Come nasce la tua passione per la musica?
Ho cominciato a studiare pianoforte da piccolo, poi a interessarmi al rock in piena adolescenza. Il jazz è arrivato tardi, a ventitre anni. Cominciai con la chitarra jazz e fu come iniziare tutto da capo. Erano gli anni Novanta e in quel momento rimasi folgorato dal monumentale Kind of Blue di Miles Davis. Disco poetico, arioso. Quello fu un passaggio importante per me, avevo bisogno di capire come si improvvisava e lo feci piano piano, in modo autonomo, senza legarmi a nessun autore in particolare.
Come ti definisci allora, un musicista jazz?
Il jazz è una scusa per imparare a improvvisare, in realtà è da diversi anni che mi sono distaccato, sono tornato alla canzone, ai Beatles, alla purezza del grande cantautorato, a un musicista come Sting. Oggi mi sento semplicemente un cantautore, cioè un compositore senza parole. Nel mio album Spaces, registrato nel 2012 ai Sear Sound Studios di New York, insieme Scott Colley, David Binney, Salvatore Bonafede, Clarence Penn ed Erik Friedlander, lo stile è improntato alla semplicità, alla riduzione degli ascolti, alla volontà primaria. In fondo l’obiettivo da quel lavoro in poi è che la performance diventi una confessione pubblica, una narrazione.
Quali sono i tuoi legami con le tradizioni, la tua terra d’origine?
Io adoro le mie origini ma non sono legato alle tradizioni siciliane.
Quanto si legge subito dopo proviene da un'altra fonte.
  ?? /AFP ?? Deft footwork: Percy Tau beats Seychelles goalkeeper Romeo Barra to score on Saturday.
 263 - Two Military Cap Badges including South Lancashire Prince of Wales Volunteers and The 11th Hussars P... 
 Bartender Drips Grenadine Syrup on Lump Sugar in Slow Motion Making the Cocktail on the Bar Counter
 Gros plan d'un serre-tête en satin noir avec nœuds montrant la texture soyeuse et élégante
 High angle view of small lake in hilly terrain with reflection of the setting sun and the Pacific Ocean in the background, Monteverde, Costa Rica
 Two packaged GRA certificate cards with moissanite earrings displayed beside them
In Vito raccontami, brano contenuto nell’album Spaces, ricordo mio nonno, quindi quello che mi affascina è la vita delle generazioni passate, le abitudini, le radici, la famiglia. Quando andai a New York, lì ho avvertito la sicilianità, lì ho sentito quanto ero legato alla Sicilia, una terra che dona lentezza, esaltazione dei sensi, splendide dinamiche da grande tribù.
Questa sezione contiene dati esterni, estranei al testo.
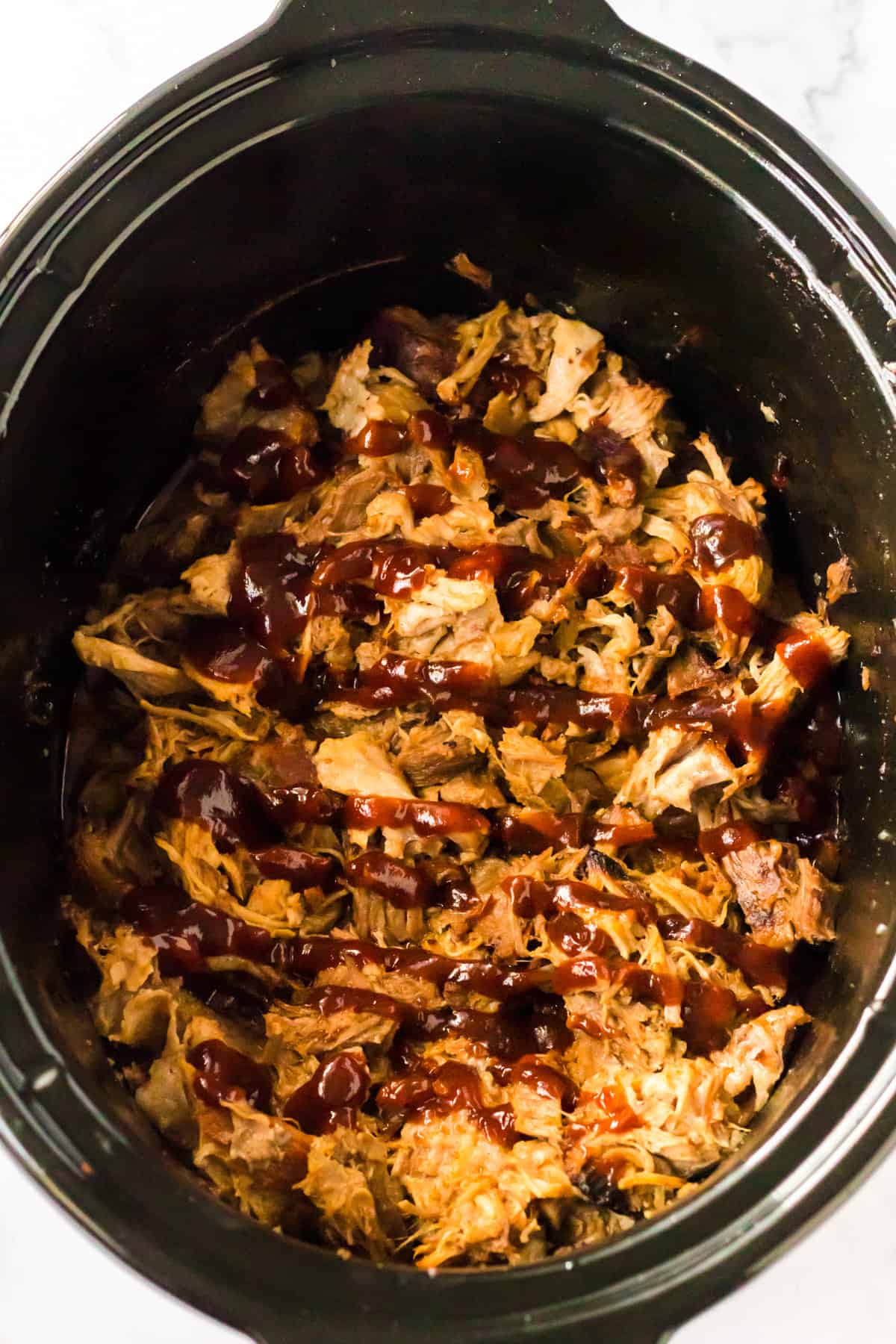 Root beer pulled pork with BBQ sauce drizzled over the top in the slow cooker.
Quanto è difficile e importante essere un musicista in una provincia come Siracusa?
Creare qui è semplice, la bellezza ce l’hai ogni giorno a portata di mano, c’è Ortigia, il sole, il mare. Tutto cambia se si parla in termini di realizzazione di dischi e di concerti. Succede quindi che il musicista prende ispirazione qui ma dopo esporta. È anche vero poi che noi siciliani viviamo in una situazione di comfort, siamo distratti, assonnati, forse non vogliamo vedere ciò che ci circonda, e magari ci interessiamo poco a ciò che di bello viene prodotto.
Di cosa parlano le tue musiche, a cosa ti ispiri?
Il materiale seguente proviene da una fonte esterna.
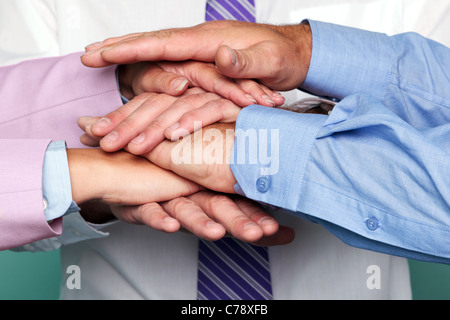 Photo of three business people stacking hands to represent teamwork. Stock Photo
Parlano di me, sono racconti dei miei affetti. Molti brani sono dedicati alle persone che amo, a mio padre, a mia moglie, ai miei amici. Scrivo su input emozionale, non lavoro mai a tavolino.
E arriviamo al tuo ultimo album del 2020, Giulia. A cosa si ispira?
Giulia è il nome di mia figlia, quindi il riferimento affettivo è evidente. In particolare però nasce dopo aver letto la poetica del fanciullino di Pascoli. È stata una riscoperta, ho compreso che cosa significa per un artista vedere con gli occhi del bambino, scrivere in modo semplice ma mai banale. Chi ascolta Giulia riesce poi a canticchiarne le musiche perché sono essenziali, ovviamente sostenute da un grande lavoro compositivo.
Progetti futuri?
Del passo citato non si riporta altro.